Hasta ahora, las acciones de Trump no son excepcionales en relación con sus predecesores o para los estándares internacionales. La primera ministra británica, Theresa May, hizo recientemente promesas no reveladas a Nissan, el fabricante de autos japonés, para convencer a la compañía de permanecer en Gran Bretaña pese al Brexit. El gobierno francés es famoso por intimidar a compañías individuales para que mantengan empleos en Francia. Los corporativistas compinches más indignantes, desde Rusia hasta Venezuela, dispensan favores a los acólitos y castigos a los oponentes a una escala que provocaría sonrojos incluso en la Torre Trump.

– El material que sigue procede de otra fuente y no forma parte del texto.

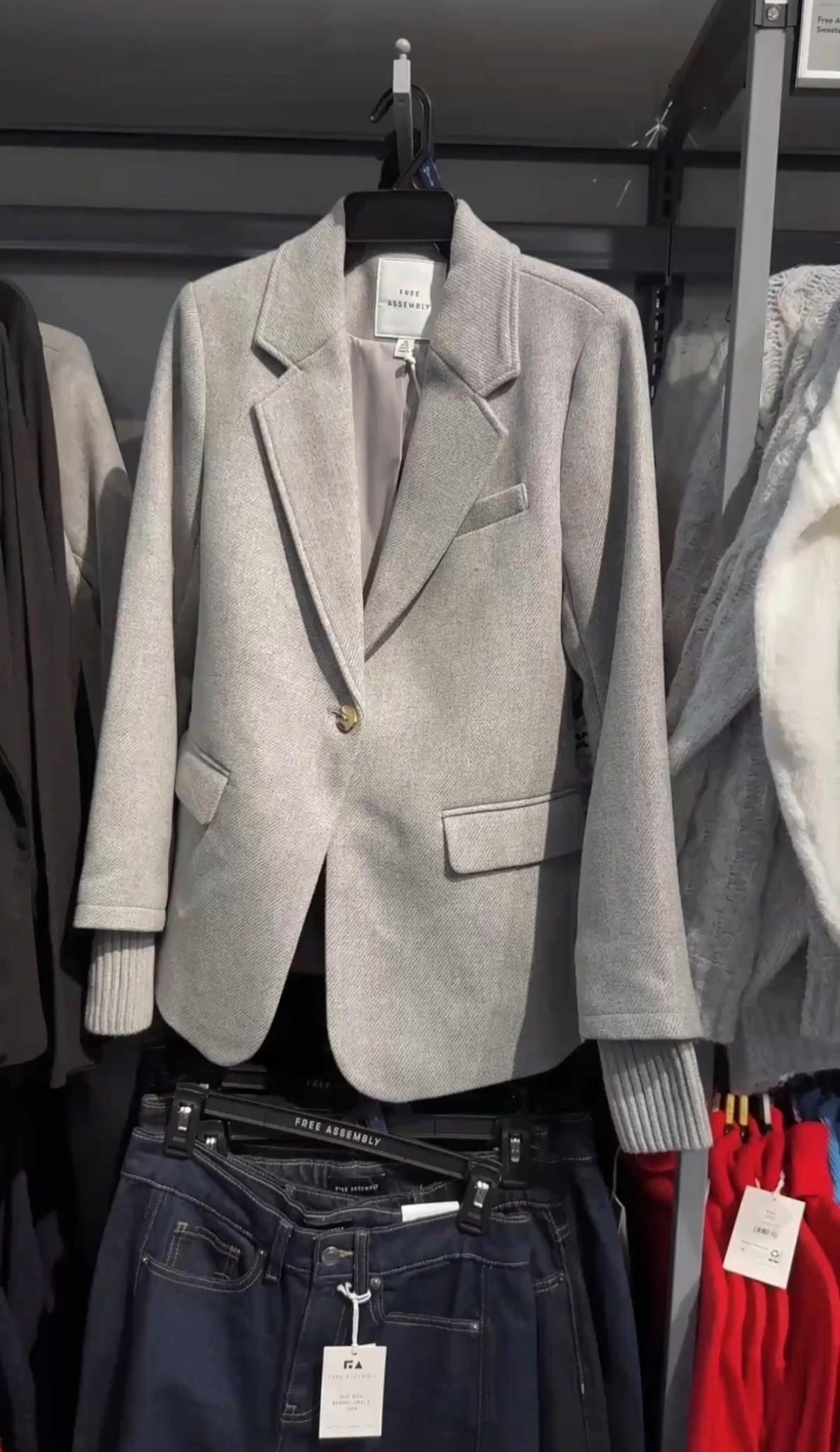 🤍 JCrew Inspired Blazer only $40! 

#LTKFindsUnder100 #LTKootd #LTKWorkwear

Sin embargo, el enfoque de Trump es preocupante. A diferencia de la nación durante la Depresión, cuando el presidente Herbert Hoover y luego el presidente Franklin D. Roosevelt hicieron que las empresas actuaran según lo que ellos consideraban, a menudo erróneamente, a favor del interés nacional, o durante el 2009, cuando Obama reunió a los bancos y rescató a Detroit, Estados Unidos hoy no está en crisis. La intromisión de Trump, por tanto, probablemente será la nueva normalidad. Peor aún, su inclinación por la intimidación impredecible y a menudo vengativa probablemente será más corrosiva que los apoyos financieros que favorece la mayoría de los políticos.

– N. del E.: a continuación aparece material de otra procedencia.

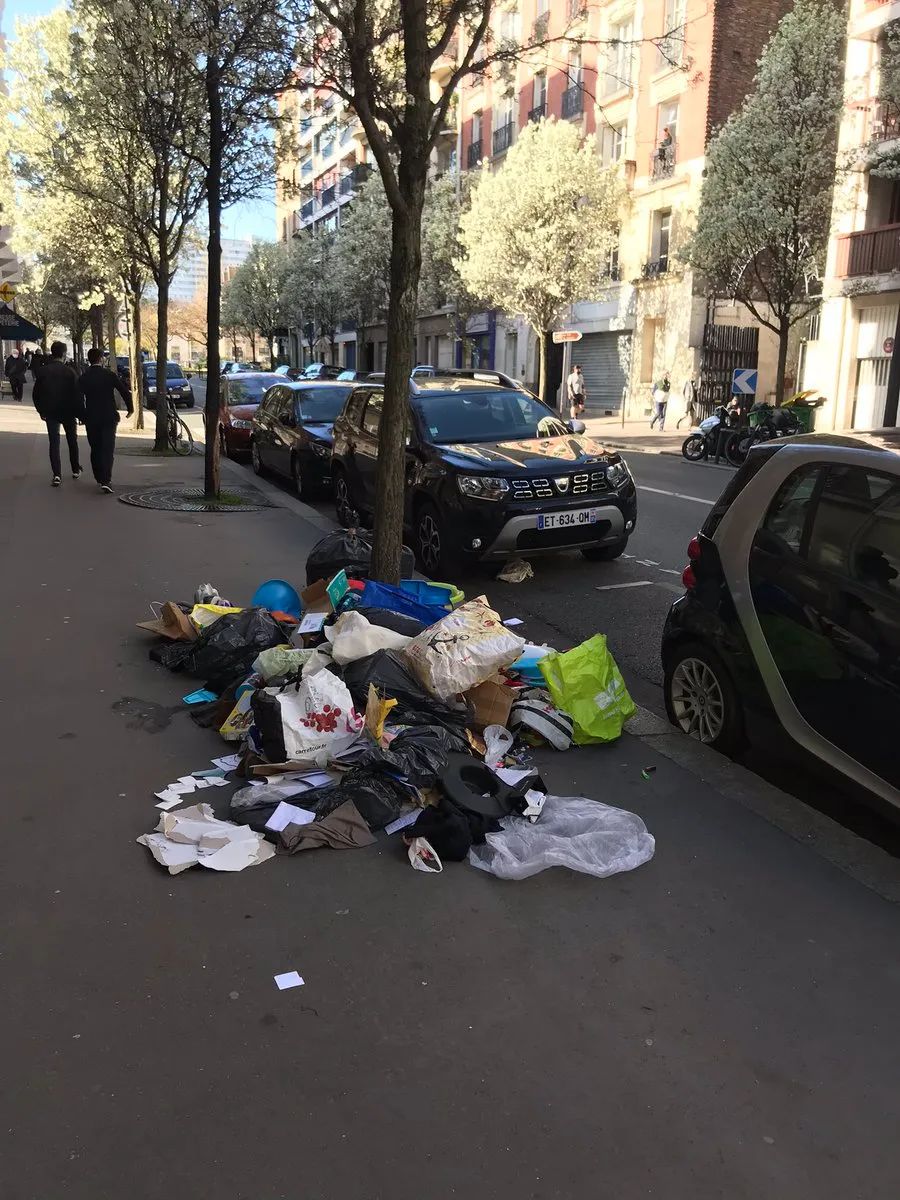 臭气弥漫民众怒骂巴黎市长巴黎已经脏成鬼了把干净巴黎还给我们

Si este es el tono de la presidencia de Trump, las empresas prudentes convertirán en su prioridad obtener el favor del presidente y evitar acciones que pudieran molestarlo. Las señales de esto ya son evidentes en el entusiasmo con el cual directores ejecutivos destacados, muchos de ellos críticos de Trump durante la campaña, se han apresurado a unirse a su nuevo consejo asesor. Ayudar a la Organización Trump o a la familia Trump no podría salir mal. El papel de los cabilderos aumentará; una ironía dado que Trump prometió drenar el pantano de intereses especiales de Washington.
Los costos de este cambio podrían ser imperceptibles al principio, excedidos por el beneficio del estímulo económico y la reforma regulatoria. Como presidente de la economía más grande del mundo, Trump podrá pisotear a las compañías con impunidad más perdurable que los políticos en lugares más pequeños.

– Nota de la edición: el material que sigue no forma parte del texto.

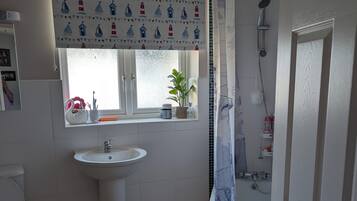 Serviettes fournies, savon, papier toilette
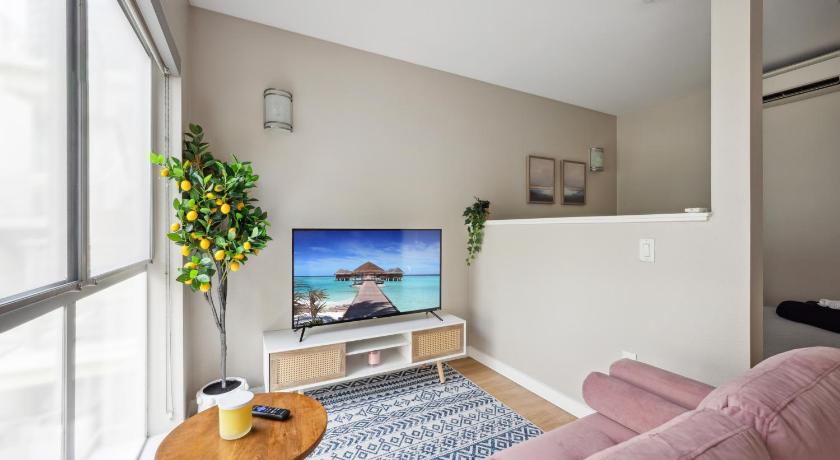 Comfy studio near SM Promenade! Free parking!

Conforme el tiempo pase, sin embargo, el daño se acumulará: capital mal asignado, menor competitividad y reducida confianza en las instituciones de Estados Unidos. Quienes sufran más serán los trabajadores mismos a los que Trump está prometiendo ayudar.
Esa es la razón de que, si realmente quiere hacer a Estados Unidos grande de nuevo, Trump deba prescindir del proteccionismo y evitar la intimidación de inmediato.